Shippers that execute transportation services agreements during the open season will have the option to elect priority transportation rights on the expanded capacity. The open season runs until Dec. 20.

WhiteWater reaches FID on Agua Blanca System expansion 

Joint venture partners WhiteWater Midstream, Austin, and MPLX LP made a final investment decision to proceed with the expansion of the Agua Blanca Delaware basin intrastate natural gas pipeline system.

The current system consists of 90 miles of 36-in. pipeline and 70 miles of smaller diameter pipelines with a system capacity of 1.4 bcfd. The pipeline has multiple deliveries in Waha.

The expansion includes a 42-in. trunkline that more than doubles system capacity to more than 3 bcfd of gas across Culberson, Loving, Pecos, Reeves, Winkler, and Ward counties (OGJ Online, July 27, 2018). The expansion is supported by multiple 10-year, take-or-pay transportation agreements.

First Infrastructure Capital is lead investor of Agua Blanca.

PetroVietnam begins work on first LNG terminal 

PetroVietnam Gas Corp. has begun construction of its 1-million tonne/year (tpy) Thi Vai LNG terminal. The company expects to put the terminal in service during 2022. Phase 1 work will include a 180,000-cu m LNG storage tank. Phase 2, tripling capacity to 3 million tpy, is expected to be complete in 2023.

Samsung C&T Corp. leads the consortium building Thi Vai LNG, joined by PetroVietnam Technical Services Corp.

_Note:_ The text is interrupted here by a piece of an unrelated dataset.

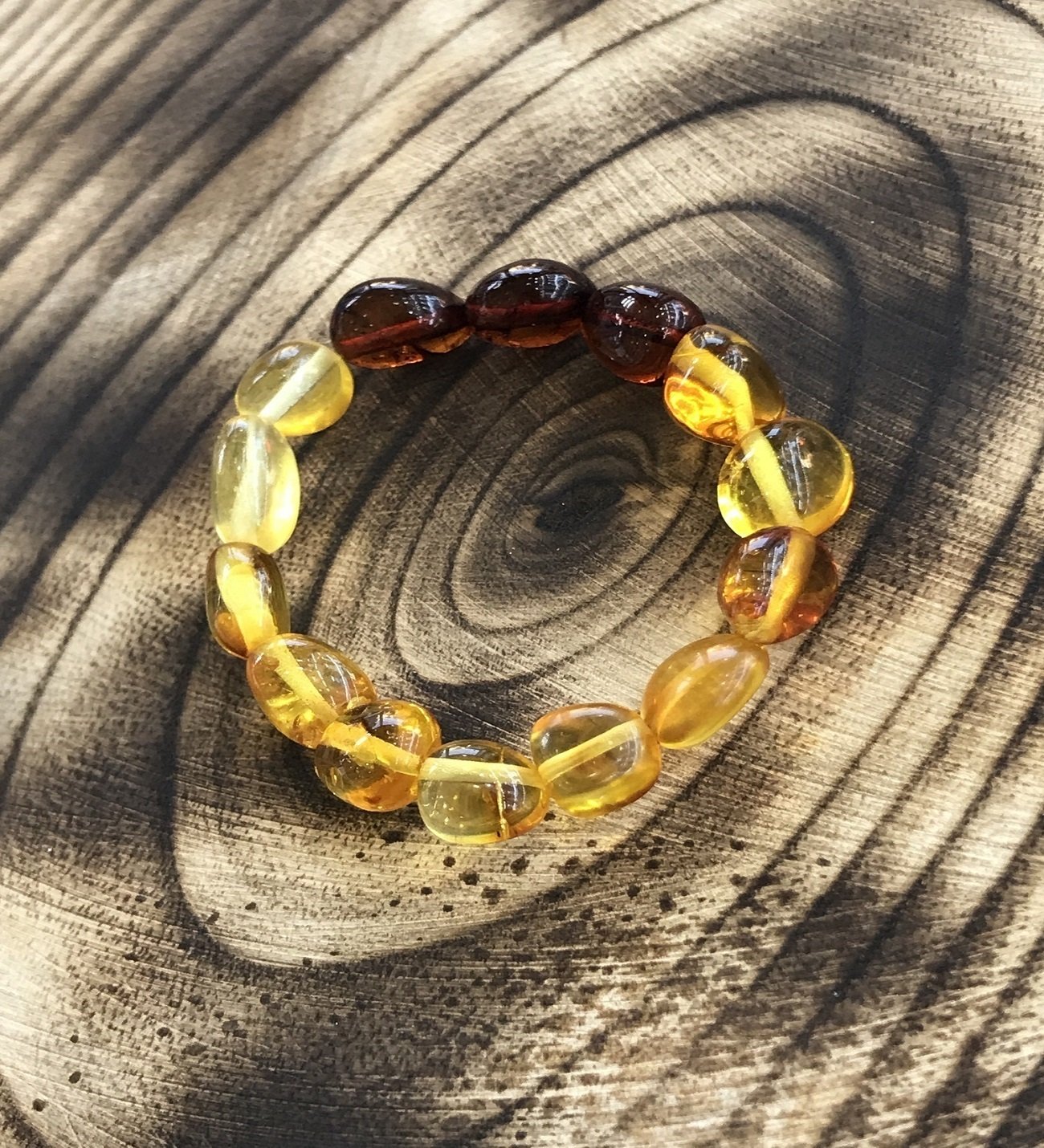 Sertifikalı Orijinal Kehribar Bebek Bilekliği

Vietnam has authorized a second terminal, Son My LNG, to be built by AES Corp. and begin operations in 2024. The country plans to have 10 LNG import terminals operating by 2029.

Inpex group signs formal PSC extension for Abadi field development 

Japanese company Inpex Corp. and its joint venture partner Royal Dutch Shell PLC have signed the Masela block production-sharing contract amendment, which includes a 7-year additional time allocation and a 20-year extension of the proposed Abadi LNG project. The project will be supplied with gas from Abadi field in the Indonesian portion of the Timor Sea.

The deal, which was signed with the Indonesian government, marks the execution of the formal agreement on the PSC terms made in a heads of agreement and announced in July as part of the government’s approval of the Abadi project revised plan of development.

The PSC term will now extend until 2055 and the project’s development plan has been changed from a floating LNG scheme to an onshore LNG scheme.

A project start-up date is envisaged for the latter half of the 2020s and the JV has begun preparations for the front-end engineering and design stage.

Abadi is Inpex’s first large-scale integrated LNG project in Indonesia. Abadi field, first discovered in December 2000, lies 150 km offshore Saumlaki in the Tanimbar Islands. Water depth over the field varies at 400-800 m.

Following numerous delays and changes of plan, Inpex completed a feasibility study in late 2018 for a 9.5 million tonne/year onshore plant at an undisclosed location. Additionally, there will be production of about 35,000 b/d of condensate. Total recoverable gas reserves for the field have been estimated at around 20 tcf.

Inpex is operator and holds 65% interest. Shell has the remainder.